Pilihan Gus Yahya mungkin juga dipengaruhi kedekatan beliau dengan Gus Dur yang diucapkan dalam banyak diskusi. Ketika selama ini PKB banyak meraup suara dari nahdliyin, di bawah pimpinan Gus Yahya, PKB versi Muhaimin Iskandar tidak bisa semena-mena mengeruk suara nahdliyin. Apalagi mengingat beberapa bulan lalu Cak Imin sempat berselisih dengan putri Gus Dur (kader PKB versi Gus Dur), Yenny Wahid di Twitter.
Kebijakan tegas Gus Yahya melunturkan sentimen negatif NU yang dianggap eksklusif dalam pilihan politik. Sementara NU seharusnya bisa menjadi pengayom, bukan hanya untuk seluruh partai, namun seluruh ormas dan kelompok masyarakat lainnya.
NU harus punya independensi dalam berpolitik. Artinya harus kritis terhadap pemerintah dan punya tanggung jawab menjaga keutuhan NKRI. Dari sikap ketua umum yang tidak mengharamkan memilih PAN, NU punya citra mengedepankan persatuan dan inklusivitas politik.

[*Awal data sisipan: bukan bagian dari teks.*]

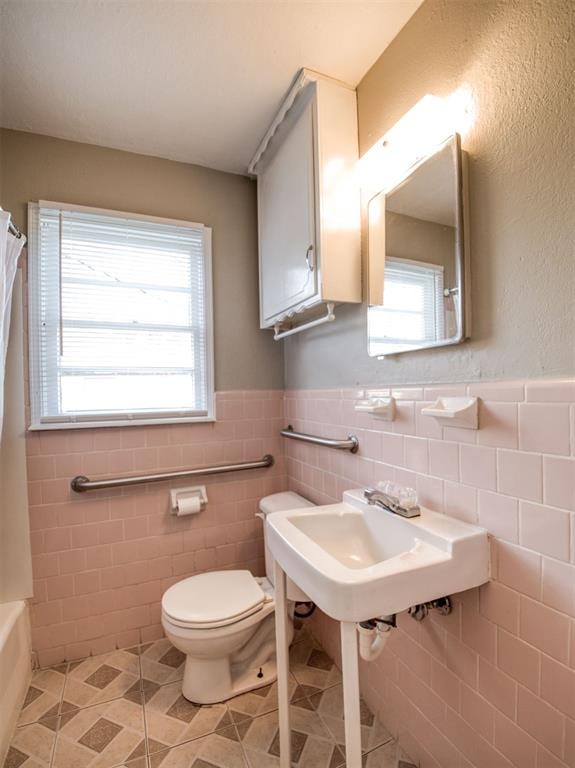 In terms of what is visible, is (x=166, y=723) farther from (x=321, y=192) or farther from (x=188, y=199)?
(x=188, y=199)

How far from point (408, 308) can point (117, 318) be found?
1445 mm

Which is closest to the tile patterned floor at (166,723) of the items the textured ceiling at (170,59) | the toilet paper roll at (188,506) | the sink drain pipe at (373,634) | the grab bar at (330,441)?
the sink drain pipe at (373,634)

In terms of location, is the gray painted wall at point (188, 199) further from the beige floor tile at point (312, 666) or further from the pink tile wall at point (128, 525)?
the beige floor tile at point (312, 666)

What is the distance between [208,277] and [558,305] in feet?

Tidak gagap menghadapi persaingan dakwah dengan teknik membubarkan, tidak gentar dimusuhi pemerintah dalam membela keadilan, dan gagah berdikari menjadi benteng NKRI. Keresahan saya terhadap NU sedikit-banyak mulai terfasilitasi oleh gagasan progresif Gus Yahya. NU seharusnya berkontemplasi tentang tuduhan Islam yang eksklusif, sementara NU sendiri kerap mengeksklusifkan diri.
Ketika saya belajar banyak tentang kajian tasawuf, yang paling susah memang mengalahkan hawa nafsu (diri sendiri) daripada mengalahkan lawan ideologi beragama.
Gus, saya bahagia sampean menjadi penyambung jembatan NU dan Muhammadiyah yang sering dibenturkan seperti lato-lato. Sampean itu manusia bersumbu panjang yang tidak gegabah mengambil sikap politik. Besar harapan saya, sampean menjadi nahkoda brilian yang bakal membawa NU menegakan kembali prinsip-prinsip  tawasuth, tawazun, iktidal, dan tasamuh.